Executive Summary :

The Data Science Project is the capstone project for the Coursera Data Science specialization track with the goal of building an auto-complete predictive text model that will come up with a list of words or phrases that are most likely to follow given input string. The training dataset used in this project is from HC Corpora and it can also be downloaded from Coursera-SwiftKey.zip. Note that Coursera-SwiftKey.zip contains four databases in four different language-English, German, Russian and Finnish respectively, and we will only be using the three files in the English database: * en_US.blogs.txt * en_US.news.txt * en_US.twitter.txt

This report serves as the milestone report and it will present the exploratory analysis that has been performed on the training datasets and some interesting findings that might lead to further research opportunities. Note that some of the analysis is performed using sample of the raw datasets, which makes sense since the raw datasets are very large datasets.

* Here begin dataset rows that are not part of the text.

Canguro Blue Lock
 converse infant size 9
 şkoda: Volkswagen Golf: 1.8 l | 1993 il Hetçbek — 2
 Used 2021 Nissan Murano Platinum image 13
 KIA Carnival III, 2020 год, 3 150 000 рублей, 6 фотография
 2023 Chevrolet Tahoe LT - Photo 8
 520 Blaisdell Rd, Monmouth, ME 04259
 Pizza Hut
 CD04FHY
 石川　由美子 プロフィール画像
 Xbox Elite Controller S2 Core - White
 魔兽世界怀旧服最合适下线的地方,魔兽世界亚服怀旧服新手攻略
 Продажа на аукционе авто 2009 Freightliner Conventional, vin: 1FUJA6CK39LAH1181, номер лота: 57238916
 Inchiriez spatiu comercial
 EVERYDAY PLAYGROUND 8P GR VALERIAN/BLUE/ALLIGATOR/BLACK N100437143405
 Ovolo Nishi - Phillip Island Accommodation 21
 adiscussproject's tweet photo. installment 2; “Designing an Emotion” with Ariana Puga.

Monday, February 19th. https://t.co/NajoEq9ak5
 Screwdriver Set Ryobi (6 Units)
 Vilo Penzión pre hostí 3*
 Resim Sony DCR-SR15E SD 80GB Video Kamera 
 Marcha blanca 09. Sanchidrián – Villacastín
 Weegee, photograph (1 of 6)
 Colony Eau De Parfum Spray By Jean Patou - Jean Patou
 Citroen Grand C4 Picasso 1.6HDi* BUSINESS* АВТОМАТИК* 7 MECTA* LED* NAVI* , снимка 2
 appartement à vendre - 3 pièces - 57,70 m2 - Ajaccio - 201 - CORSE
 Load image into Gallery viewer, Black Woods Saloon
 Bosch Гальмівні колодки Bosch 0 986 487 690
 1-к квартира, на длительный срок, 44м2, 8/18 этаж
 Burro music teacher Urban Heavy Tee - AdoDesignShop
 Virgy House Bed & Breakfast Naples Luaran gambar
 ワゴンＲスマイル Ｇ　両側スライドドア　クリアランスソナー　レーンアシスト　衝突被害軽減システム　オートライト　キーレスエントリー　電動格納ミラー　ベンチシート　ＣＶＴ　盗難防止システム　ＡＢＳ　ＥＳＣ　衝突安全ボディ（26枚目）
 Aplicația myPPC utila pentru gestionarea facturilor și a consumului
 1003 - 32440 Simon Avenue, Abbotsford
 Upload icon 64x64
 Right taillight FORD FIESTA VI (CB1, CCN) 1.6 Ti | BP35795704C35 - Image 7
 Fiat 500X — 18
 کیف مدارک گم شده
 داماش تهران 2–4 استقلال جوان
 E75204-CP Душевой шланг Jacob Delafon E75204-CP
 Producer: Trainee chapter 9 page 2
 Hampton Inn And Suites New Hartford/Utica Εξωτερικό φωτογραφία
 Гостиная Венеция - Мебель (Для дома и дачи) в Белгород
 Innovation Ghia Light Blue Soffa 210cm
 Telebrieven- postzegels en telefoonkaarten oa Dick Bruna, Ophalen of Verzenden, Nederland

Constraint : I’d run this program partially in order to prevent the notebook from hang.

Milestone Chart

plot of chunk unnamed-chunk-1

START : Understand the Instruction

Instruction :

  1. To display Capstone Milestone.
  2. To subbmit report on R Pubs (http://rpubs.com/) within the explanation the exploratory analysis and goals for the eventual app and algorithm.
  3. To explain only the major features of the data you have identified
  4. To briefly summarize the plans for creating the prediction algorithm using Shiny app in a way that would be understandable .
  5. To illustrate the summaries of the data set using tables and plots

Motivation :

  1. Demonstrate the succesfull of data downloading
  2. Create a basic report of summary statistics about the data sets.
  3. Report any interesting findings that you amassed so far.
  4. Get feedback on your plans for creating a prediction algorithm and Shiny app.

DATA PREPARATION

  1. Set as working directory
##setwd("C:/Users/Azlena Haron/Desktop/datascience/capstone/Data/Coursera-SwiftKey/final/en_US/")
  1. Read Data ; twitter, blogs and news
##twitter <- readLines (con <- file ("en_us.twitter.txt", encoding = "UTF-8",skipNul = TRUE))
##close (con)
##blogs <- readLines(con <- file("en_US.blogs.txt"), encoding = "UTF-8", skipNul = TRUE)
##close(con)
##news <- readLines(con <- file("en_US.news.txt"), encoding = "UTF-8", skipNul = TRUE)
##close(con)
  1. Installation library and packages

To ensure the programming meet our needs, we have to included related packages and library

##install.packages("tm")
##install.packages("wordcloud")
##library (tm)
##library(wordcloud)
##library(ggplot2)

DATA EXPLORATORY

Twitter, blogs and news represented of different crowd but the data should have same features such as file size, length,file size dalm megabyte, the length of the longest line, word count and character. Here, the exploratory focus to basic features.

1. Basic exploratory

  1. Length
##twitterlength<-length(twitter)
##blogslength<-length(blogs)
##newslength<-length(news)
  1. File size
##twitterSize<-file.info("en_US.twitter.txt")$size / 1024 /1000
##newsSize<-file.info("en_US.news.txt")$size / 1024 /1000
##blogsSize<-file.info("en_US.blogs.txt")$size / 1024 /1000
  1. Word count
##twitterWords <- sum(sapply(gregexpr("\\S+", twitter), length))
##blogsWords <- sum(sapply(gregexpr("\\S+", blogs), length))
##newsWords <- sum(sapply(gregexpr("\\S+", news), length))
##words<-rbind(twitterWords, blogsWords, newsWords)
##lengths<-rbind(twitterlength, blogslength, newslength)
##sizes<-rbind(twitterSize, blogsSize, newsSize)
##df<-data.frame(c("twitter","blogs","news"))
##df<-data.frame(cbind(df,words,lengths,sizes))
##names(df)<-c("data","words","length","sizes")

2. Plot Graph

  1. Bar plot file size
##ggplot(data=df, aes(x=data,y=sizes))+geom_bar(stat="identity",color='grey60',fill='#FFE6FF')+geom_text(aes(label = format(sizes, big.mark=",")), size = 3, vjust=-0.3)+theme_bw() + xlab('Source')+ylab('File Size (MB)') + theme(legend.position='none')+ ggtitle("File sizes for three datasets")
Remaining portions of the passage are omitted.